An ink supply port 35 that will receive an ink supply needle of the black
print head 6 is formed in the lower end of the foam room 33. The open end
of the container 30 is sealingly closed by a cover 38 having an ink
injection port 36 and an air communication port 37, which are slightly
spaced from each other. The ink injection port 36 of the cover 38 is
located closer to the ink supply port 35 of the foam room 33 when
horizontally viewed.
A protruded part 39 is formed on the bottom of the foam room 33. The
protruded part 39 cooperates with the cover 38 to compress the porous body
31. An ink inflow port 40 is formed in the upper end of the protruded part
39. A port passage 41 is extended from the ink inflow port 40 to the ink
supply port 35. A packing means 42 is put in the port passage 41. The
packing means 42 will be fit to the ink supply needle of the print head,
liquid tightly. An air shut-off film 43, which will be broken when the ink
supply needle is applied thereto, is applied and bonded to the ink supply
port 35. In the figure, reference numeral 44 designates a through-hole
through which the foam room 33 communicates with the ink room 34.

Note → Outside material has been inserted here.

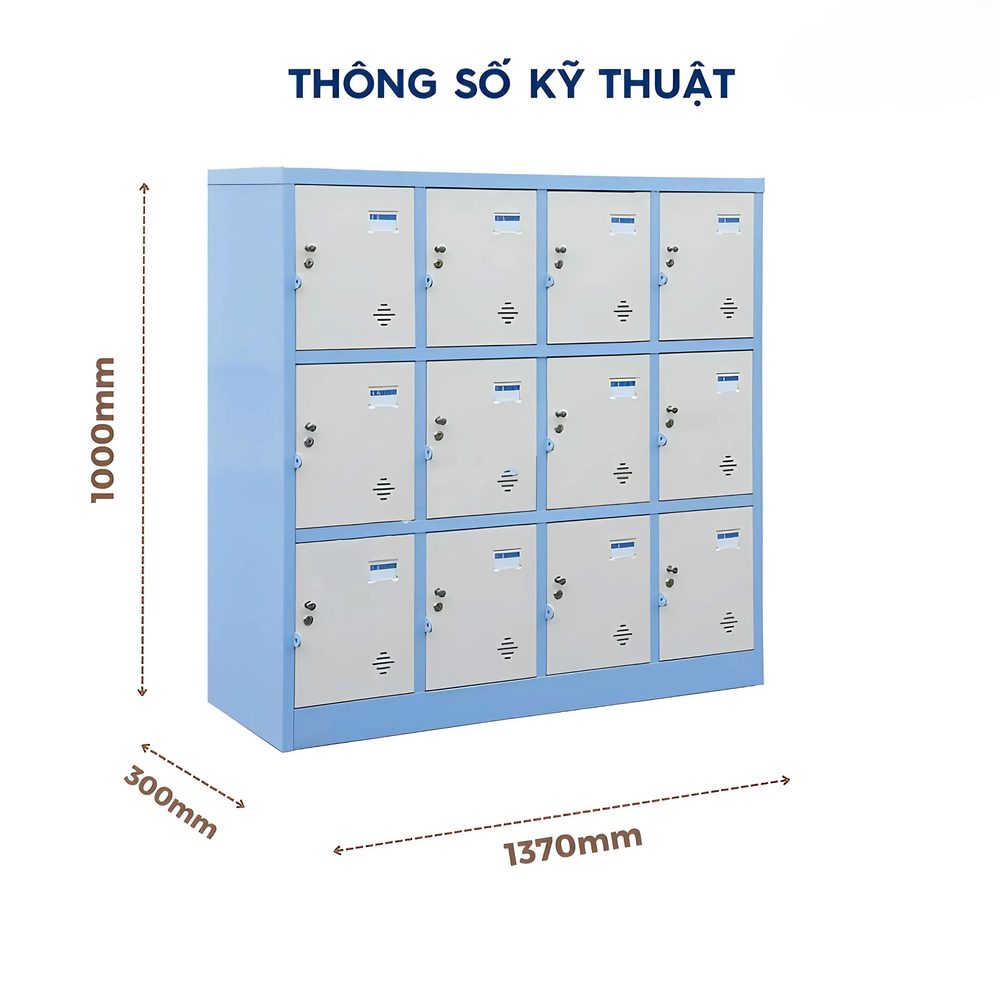 Tủ Locker 12 Ngăn Màu Xanh - TLK63 1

FIGS. 4(a) and 4(b) show views showing a specific example of a color ink
cartridge. The structure of this ink cartridge is substantially the same
as of the black ink cartridge. A container 45 with an open end is
substantially cuboidal in shape, and the widthwise length of the container
gradually increases toward its open end. The container 45 is divided into
a plurality of rooms by walls 46. Each room is partitioned, by a
partitioning wall 48, to form a foam room 49 and an ink room 50 for
directly containing ink. A through-hole 47 is formed in the lower part of
the partitioning wall 48.
Ink supply ports 51 that will receive ink supply needles of the color print
head 7 are formed in the lower end of the foam room 49. The open end of
the container 45 is sealingly closed by a cover 54 having an ink injection
port 52 and an air communication port 53, which are slightly spaced from
each other. The ink injection port 52 of the cover 54 is located closer to
the ink supply ports of the foam room 49 when horizontally viewed.

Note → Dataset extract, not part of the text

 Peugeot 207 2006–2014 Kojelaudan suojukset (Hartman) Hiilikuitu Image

Protruded parts 56 are formed on the bottom of the foam room 49. The
protruded parts 56 cooperate with the cover 54 to compress a porous body
55. An ink inflow port 57 is formed in the upper end of each protruded
part 56. A port passage 59 is extended from the ink inflow port 57 to the
ink supply port 51. A packing means 60 is put in the port passage 59. The
packing means 60 will be fit to the ink supply needle of the print head 7,
liquid tightly. A film 61, which will be broken when the ink supply needle
is applied thereto, is applied and bonded to the ink supply port 51.
In the construction of each of the ink cartridges 1 and 2, the ink
cartridge is divided into the foam room and the ink room, and these rooms
store ink in different ways. Any ink cartridge, if it contains at least
the porous body 31 or 55 impregnated with ink, will work as the ink
cartridge 1 or 2 does, in spite of the presence of the ink room 34 or 50.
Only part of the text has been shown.